Our goal is to create a world inside of us that we carry with us— wherever we go, whatever happens to us, whatever relationships we get into, whatever job we happen to have. It is to create within us a world that supports us in feeling strong, safe, and stable, no matter where we go or what we do.
I call this world the “Memory Palace.”
I’ve written before about the power of imagination to shape us. When we’re kids, it’s just kind of assumed that we live a great deal of our time in an imaginative world of our own creation. It’s assumed we’re going to spend a big chunk of the day playing “make believe,” imagining ourselves to be other people, in other times, in other places. It’s a sound assumption— we do, in fact, do this when we’re kids.
What nobody tells us, though, is that we do this as adults, too.
Even the most well-balanced, psychologically healthy people live primarily in a world of their own creation. An inner world. A world we don’t really tell other people about, because, well, grown ups aren’t supposed to play make believe, now, are we?

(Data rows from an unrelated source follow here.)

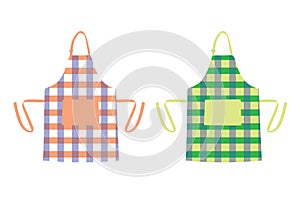 Two kitchen aprons with checkered patterns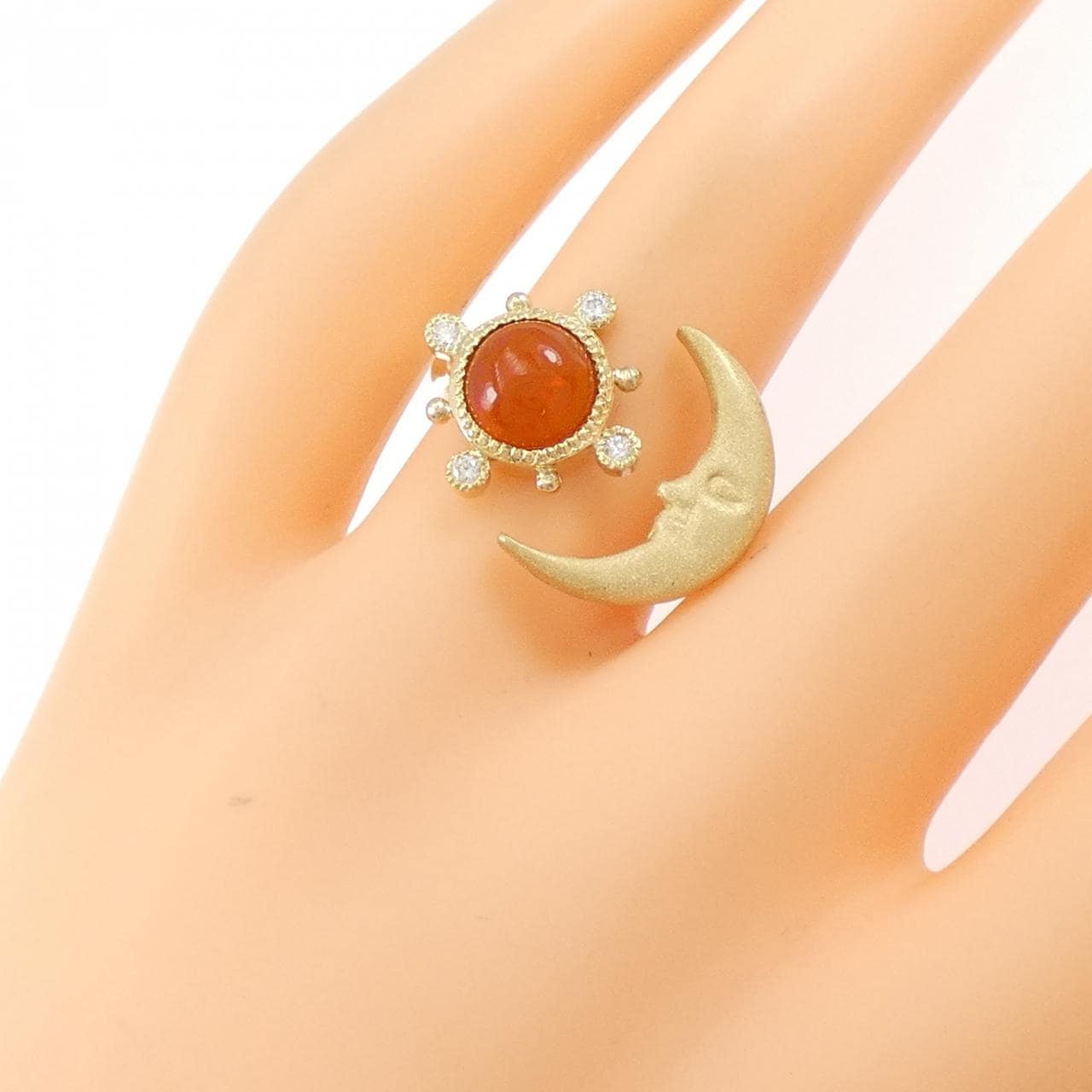 K18YG ムーン オパール リング 1.402CT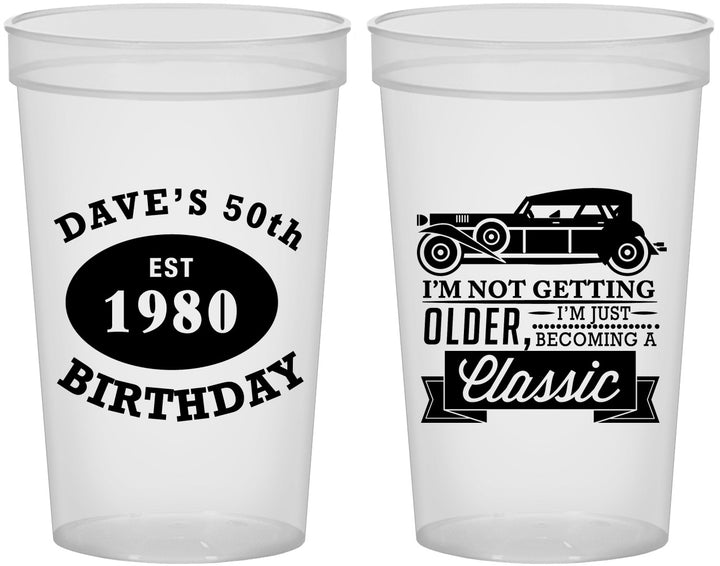Custom Birthday 22 oz Translucent Cups - 50th Classic Car | 20156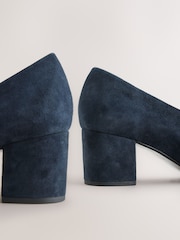 Navy Blue Forever Comfort® Leather Point Toe Low Block Heels - Image 5 of 5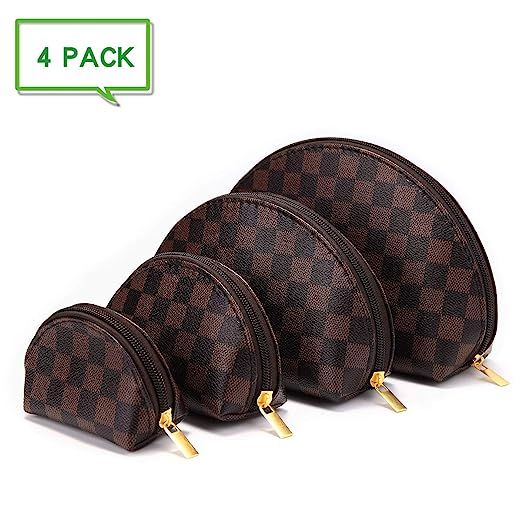 Luxury Checkered Make Up Bag Shell Shape Cosmetic Toiletry Travel Bags including 4 Size Bag (Brown) | Amazon (US)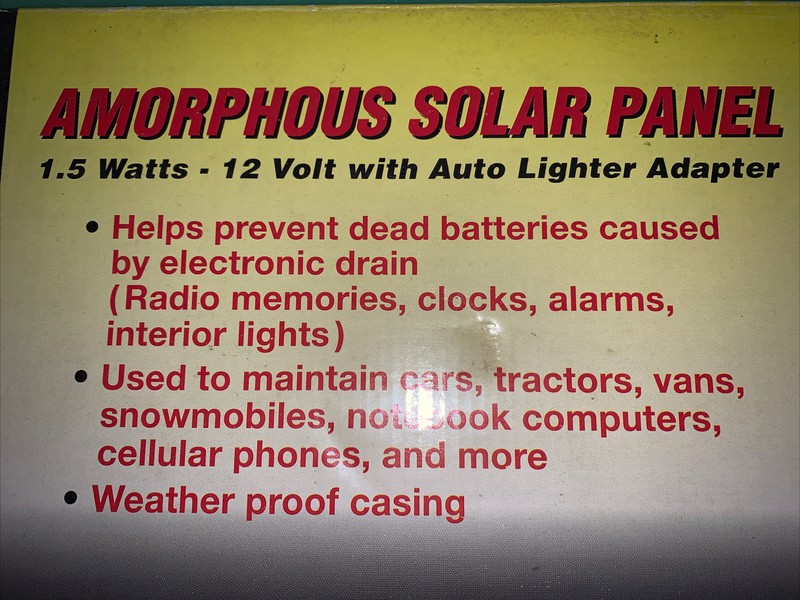 Amorphous Solar Panel 1.5 Watt Trickle Charger 44768 gallery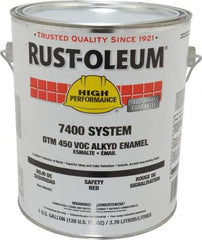 Rust-Oleum - 1 Gal Safety Red Gloss Finish Industrial Enamel Paint - Interior/Exterior, Direct to Metal, <450 gL VOC Compliance - Eagle Tool & Supply
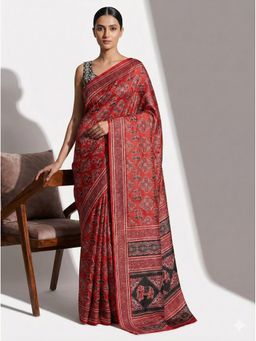 Niska - Ajrakh Modal Floral Printed Red Saree With Unstitched Blouse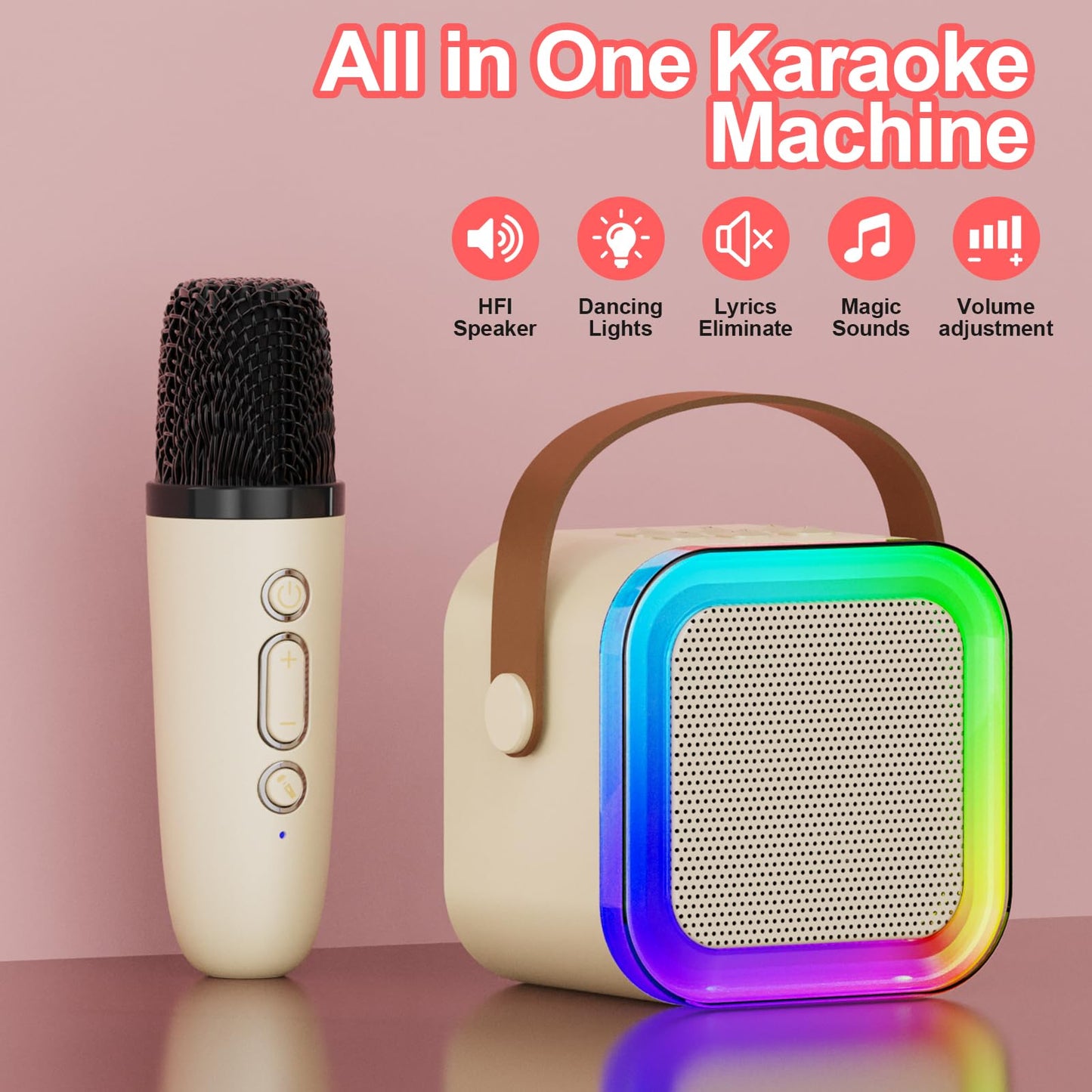 Mini Karaoke Machine for Kids Adults,Portable Bluetooth Speaker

But these interior worlds exist. We play them out and enhance them by watching movies and reading books and playing video games and writing fiction, but the real value to any of those things is the fact that they give us the opportunity to inhabit those interior worlds we’ve been creating inside of us for years.
You read that right. You’ve been working on creating your internal world for years. You already carry it wherever you go.
So is this world you’ve built over years, and that you carry with you wherever you go, an impregnable fortress, a palace where you can go to feel refreshed, recharged, encouraged, empowered, relaxed, and heroic?
Or is the world you carry around with you a prison, where you feel confined, powerless, inadequate, sad, and exhausted?
A lot of us haven’t devoted much attention to this interior world we’ve created, again, simply because we’ve been taught that it’s not our interior world that matters, it’s the exterior world of others’ demands and expectations and rules that is really important. We’ve been conditioned, in other words, to pay less attention to our own worlds, and more attention to others’ needs and wants— in fact, we’ve been led to believe that this is the “grown up” thing to do.
I’m here to tell you that it’s the creation and maintenance of this interior world that needs to be your number one priority. After all, YOU CARRY IT WHEREVER YOU GO.
If you don’t develop your interior world into a Memory Palace of your own design, you don’t stand a chance of being of much use to anybody else in this world, except to robotically serve their own needs and wants. And, believe me when I tell you, your self-esteem’s going to notice if your life has primary been reduced to being a tool for other peoples’ whims.
How do we design and create our own Memory Palace within, to be a place we can go for refuge and encouragement? It starts with visualization.
Yes, visualization. That very simple trick of imagining a place, a time, or a thing other than that which is right in front of you. There’s no magic or “woo” in visualization: in fact, it’s one of the most empirically validated forms of personal development work that has ever been researched. Visualization, as it turns out, taps into parts of our brains that we don’t get to access every day in the course of our daily grind. It activates emotional and behavioral centers in our brain that don’t tend to be activated very often.
We start by visualizing a physical setting for the Memory Palace.
In the book “Infinite Jest,” the character Coach Schtitt encourages his tennis pupils to imagine a world they can create for themselves within the base lines of the tennis court. In the book “Hannibal,” the character Dr. Lecter visualizes his Memory Palace as a literal palace, of Renaissance design. There are also innumerable examples in fiction and mythology of potential palaces and fortresses you can use— the Batcave, Superman’s Fortress of Solitude, King Arthur’s walled city of Camelot.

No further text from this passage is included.